Северный редут турок, на котором находилось орудие, оказался более стойким и свободно обстреливал станционный двор и наши подразделения. Бакстон под прикрытием южного укрепления руководил огнем орудий Броди, укладывавших снаряд за снарядом со свойственной им точностью. Аэропланы Сиддонса бомбили сверху, а корпус верблюжьей кавалерии с севера, востока и запада обрабатывал окопы противника огнем пулеметов «льюис». В семь часов утра тихо сдался последний из солдат противника. Четверо убитых и десятеро раненых – таковы были наши потери. У турок был убит двадцать один солдат и сто пятьдесят взяты в плен вместе с двумя полевыми орудиями и тремя пулеметами.

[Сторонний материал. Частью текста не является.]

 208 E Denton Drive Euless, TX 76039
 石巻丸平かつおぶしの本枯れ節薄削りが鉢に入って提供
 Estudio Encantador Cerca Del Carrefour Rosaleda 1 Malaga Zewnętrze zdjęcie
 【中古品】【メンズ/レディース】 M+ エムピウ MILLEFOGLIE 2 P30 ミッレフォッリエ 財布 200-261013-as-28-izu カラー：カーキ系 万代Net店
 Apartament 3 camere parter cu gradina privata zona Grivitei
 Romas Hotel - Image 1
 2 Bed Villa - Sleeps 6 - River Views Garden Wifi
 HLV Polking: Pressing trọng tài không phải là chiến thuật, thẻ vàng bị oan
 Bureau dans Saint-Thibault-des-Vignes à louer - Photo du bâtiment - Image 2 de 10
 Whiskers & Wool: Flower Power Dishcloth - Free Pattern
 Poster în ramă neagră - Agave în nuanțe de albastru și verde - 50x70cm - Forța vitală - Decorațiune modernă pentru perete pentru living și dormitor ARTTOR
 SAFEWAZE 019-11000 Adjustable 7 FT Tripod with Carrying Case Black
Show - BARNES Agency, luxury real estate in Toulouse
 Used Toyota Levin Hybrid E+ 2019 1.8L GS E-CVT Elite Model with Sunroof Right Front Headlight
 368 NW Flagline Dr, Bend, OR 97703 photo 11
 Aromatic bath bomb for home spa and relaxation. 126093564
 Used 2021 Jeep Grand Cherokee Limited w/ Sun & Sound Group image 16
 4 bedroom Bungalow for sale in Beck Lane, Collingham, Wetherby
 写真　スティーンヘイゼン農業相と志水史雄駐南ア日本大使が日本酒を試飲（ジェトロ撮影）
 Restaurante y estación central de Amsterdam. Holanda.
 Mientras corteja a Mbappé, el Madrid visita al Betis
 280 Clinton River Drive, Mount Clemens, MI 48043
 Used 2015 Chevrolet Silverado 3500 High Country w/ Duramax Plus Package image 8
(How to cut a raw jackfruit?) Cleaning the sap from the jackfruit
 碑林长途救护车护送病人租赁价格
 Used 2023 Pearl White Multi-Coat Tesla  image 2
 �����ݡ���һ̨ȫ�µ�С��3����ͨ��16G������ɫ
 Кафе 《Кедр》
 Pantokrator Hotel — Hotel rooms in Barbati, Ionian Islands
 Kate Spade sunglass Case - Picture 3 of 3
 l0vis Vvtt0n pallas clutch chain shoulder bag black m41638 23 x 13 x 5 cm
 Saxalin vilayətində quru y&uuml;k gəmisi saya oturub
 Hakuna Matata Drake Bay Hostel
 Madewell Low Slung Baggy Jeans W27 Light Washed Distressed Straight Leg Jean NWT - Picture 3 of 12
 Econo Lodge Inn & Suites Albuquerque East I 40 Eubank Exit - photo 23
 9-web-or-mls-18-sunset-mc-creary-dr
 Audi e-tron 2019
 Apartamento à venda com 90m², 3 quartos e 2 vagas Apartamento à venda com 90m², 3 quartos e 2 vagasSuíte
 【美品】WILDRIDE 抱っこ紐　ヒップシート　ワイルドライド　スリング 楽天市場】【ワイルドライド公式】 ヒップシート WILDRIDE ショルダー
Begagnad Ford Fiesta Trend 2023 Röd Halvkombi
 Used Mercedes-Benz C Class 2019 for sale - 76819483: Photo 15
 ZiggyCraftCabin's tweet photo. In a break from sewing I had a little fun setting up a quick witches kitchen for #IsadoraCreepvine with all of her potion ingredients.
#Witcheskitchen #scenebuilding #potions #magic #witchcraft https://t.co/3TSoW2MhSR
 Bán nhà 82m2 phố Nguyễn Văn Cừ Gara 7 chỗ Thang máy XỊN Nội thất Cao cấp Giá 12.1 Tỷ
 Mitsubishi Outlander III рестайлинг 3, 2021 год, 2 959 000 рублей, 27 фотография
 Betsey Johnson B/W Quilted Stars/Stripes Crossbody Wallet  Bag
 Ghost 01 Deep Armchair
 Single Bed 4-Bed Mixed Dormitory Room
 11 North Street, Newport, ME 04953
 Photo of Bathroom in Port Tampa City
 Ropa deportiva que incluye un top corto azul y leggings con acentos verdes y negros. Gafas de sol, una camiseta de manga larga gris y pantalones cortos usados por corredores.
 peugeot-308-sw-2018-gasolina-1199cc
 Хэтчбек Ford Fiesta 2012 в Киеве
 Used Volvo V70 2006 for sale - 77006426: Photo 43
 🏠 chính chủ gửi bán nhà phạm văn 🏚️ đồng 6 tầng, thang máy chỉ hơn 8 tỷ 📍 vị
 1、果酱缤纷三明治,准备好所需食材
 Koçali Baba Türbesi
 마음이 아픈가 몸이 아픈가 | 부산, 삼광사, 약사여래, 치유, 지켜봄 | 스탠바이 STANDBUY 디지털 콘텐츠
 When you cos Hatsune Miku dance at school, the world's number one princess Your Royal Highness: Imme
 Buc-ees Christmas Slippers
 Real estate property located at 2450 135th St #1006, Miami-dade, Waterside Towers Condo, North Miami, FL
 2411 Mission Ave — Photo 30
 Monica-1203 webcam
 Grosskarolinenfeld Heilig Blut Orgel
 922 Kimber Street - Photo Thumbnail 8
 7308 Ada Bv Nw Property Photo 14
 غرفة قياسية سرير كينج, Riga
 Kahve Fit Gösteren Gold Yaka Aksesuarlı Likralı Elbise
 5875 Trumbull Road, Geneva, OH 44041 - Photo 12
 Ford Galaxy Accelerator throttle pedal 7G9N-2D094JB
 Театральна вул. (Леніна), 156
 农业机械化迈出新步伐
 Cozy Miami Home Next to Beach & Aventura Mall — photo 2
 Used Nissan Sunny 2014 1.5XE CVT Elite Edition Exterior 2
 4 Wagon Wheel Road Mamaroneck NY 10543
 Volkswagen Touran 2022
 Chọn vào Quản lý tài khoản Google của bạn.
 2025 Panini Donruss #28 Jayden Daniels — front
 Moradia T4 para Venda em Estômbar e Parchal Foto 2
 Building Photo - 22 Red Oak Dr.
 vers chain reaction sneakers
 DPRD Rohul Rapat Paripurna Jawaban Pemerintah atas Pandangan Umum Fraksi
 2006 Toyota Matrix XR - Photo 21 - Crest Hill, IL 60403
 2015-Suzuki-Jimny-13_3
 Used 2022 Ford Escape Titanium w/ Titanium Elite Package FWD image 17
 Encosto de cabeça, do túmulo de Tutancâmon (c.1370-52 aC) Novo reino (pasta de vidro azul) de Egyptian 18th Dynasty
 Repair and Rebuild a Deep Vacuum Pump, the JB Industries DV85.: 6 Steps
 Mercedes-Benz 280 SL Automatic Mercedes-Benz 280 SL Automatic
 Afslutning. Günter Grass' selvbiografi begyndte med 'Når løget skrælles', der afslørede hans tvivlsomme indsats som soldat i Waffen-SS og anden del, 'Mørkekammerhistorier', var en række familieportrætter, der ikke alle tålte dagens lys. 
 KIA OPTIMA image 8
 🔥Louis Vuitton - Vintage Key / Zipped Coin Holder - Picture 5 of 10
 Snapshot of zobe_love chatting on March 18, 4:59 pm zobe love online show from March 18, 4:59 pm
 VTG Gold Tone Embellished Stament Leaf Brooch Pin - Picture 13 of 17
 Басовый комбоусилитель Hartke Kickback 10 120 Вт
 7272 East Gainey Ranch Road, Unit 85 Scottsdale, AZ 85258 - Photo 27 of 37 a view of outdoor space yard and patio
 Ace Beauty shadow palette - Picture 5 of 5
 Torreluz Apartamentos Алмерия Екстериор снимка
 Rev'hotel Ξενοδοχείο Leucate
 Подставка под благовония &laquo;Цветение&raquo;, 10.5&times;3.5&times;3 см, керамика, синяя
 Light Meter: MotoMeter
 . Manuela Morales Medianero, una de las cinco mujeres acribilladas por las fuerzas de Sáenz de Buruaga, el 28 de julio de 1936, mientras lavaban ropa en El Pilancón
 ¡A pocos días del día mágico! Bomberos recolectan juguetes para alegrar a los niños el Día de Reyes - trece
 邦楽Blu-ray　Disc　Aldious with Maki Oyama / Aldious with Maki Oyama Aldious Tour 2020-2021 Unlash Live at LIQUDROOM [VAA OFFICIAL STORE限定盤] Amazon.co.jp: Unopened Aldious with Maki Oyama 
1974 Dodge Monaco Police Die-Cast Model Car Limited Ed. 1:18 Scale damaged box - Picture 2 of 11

Бакстон сразу же приказал туркам развести пары на пожарном паровозе, чтобы напоить верблюдов, а солдаты тем временем разрушали колодцы, уничтожали насосные установки и расшивали две тысячи ярдов рельсов железнодорожного пути. В сумерках заряды, установленные у подножия большой водокачки, разнесли ее, превратив в куски камня, разлетевшиеся далеко по равнине. Почти сразу же после этого Бакстон скомандовал своим солдатам: «Шагом марш!» – и четыре сотни верблюдов поднялись разом, как один, на ноги и со страшным ревом, как в Судный день, вышли в поход на Джефер. Сияющий Доуни отправился в Абу-эль-Лиссан поздравить Фейсала. Перехвативший его в пути курьер, посланный Алленби, вручил ему предостерегающее письмо к Фейсалу. Главнокомандующий просил Фейсала не предпринимать никаких опрометчивых действий, потому что успех броска британцев был случайностью, и если бы он окончился неудачей, арабы остались бы на другом берегу Иордана, где им невозможно было бы оказать помощь. Алленби особенно просил Фейсала не выступать на Дамаск, но быть в готовности к этому, когда события надежно примут благоприятный оборот.